#### Given information
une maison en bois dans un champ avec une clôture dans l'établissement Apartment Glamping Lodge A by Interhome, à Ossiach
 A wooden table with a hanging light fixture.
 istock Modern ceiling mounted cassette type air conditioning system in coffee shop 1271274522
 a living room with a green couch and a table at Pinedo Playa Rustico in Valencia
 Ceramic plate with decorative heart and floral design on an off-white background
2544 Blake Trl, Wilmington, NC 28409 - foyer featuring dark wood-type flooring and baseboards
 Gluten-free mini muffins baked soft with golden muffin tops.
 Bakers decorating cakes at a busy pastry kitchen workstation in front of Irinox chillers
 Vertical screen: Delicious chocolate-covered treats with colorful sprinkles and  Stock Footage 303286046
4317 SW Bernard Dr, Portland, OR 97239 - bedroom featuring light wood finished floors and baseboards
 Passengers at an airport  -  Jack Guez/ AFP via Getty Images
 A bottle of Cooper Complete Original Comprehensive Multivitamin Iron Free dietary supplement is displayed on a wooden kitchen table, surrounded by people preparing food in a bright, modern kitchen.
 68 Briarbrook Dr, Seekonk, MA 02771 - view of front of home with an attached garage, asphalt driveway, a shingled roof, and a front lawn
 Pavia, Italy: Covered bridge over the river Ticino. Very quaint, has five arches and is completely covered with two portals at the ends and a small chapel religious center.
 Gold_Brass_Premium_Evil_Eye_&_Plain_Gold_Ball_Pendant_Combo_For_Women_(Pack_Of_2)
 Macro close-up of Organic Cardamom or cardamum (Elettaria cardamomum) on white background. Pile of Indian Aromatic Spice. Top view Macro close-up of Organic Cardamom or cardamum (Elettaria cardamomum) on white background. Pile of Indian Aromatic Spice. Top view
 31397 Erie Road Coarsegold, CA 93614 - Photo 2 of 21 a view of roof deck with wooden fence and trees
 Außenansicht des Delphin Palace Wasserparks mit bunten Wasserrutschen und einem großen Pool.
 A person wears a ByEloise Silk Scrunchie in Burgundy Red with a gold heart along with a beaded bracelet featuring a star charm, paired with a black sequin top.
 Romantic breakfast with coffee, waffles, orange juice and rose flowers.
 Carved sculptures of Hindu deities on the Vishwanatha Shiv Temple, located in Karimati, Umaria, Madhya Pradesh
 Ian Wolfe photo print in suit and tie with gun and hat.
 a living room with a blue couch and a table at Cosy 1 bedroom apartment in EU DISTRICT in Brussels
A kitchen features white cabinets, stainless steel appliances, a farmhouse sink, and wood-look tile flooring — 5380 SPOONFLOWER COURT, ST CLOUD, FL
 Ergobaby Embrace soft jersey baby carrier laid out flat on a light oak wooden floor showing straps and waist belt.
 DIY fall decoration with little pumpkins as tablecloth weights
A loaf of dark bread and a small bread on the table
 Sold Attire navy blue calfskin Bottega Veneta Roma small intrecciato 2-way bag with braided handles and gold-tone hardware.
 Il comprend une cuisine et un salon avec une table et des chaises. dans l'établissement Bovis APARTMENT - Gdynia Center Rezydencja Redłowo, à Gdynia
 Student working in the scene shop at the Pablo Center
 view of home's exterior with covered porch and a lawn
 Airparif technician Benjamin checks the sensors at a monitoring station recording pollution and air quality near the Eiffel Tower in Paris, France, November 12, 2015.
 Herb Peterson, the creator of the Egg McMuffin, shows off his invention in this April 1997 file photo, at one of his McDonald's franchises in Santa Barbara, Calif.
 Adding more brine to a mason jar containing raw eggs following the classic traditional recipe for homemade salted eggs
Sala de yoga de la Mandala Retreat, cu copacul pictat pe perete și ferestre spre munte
########
Whenever the string "background" shows up in a line of the entries, copy that line.

> _Exercise solution_
 Ceramic plate with decorative heart and floral design on an off-white background
 Macro close-up of Organic Cardamom or cardamum (Elettaria cardamomum) on white background. Pile of Indian Aromatic Spice. Top view Macro close-up of Organic Cardamom or cardamum (Elettaria cardamomum) on white background. Pile of Indian Aromatic Spice. Top view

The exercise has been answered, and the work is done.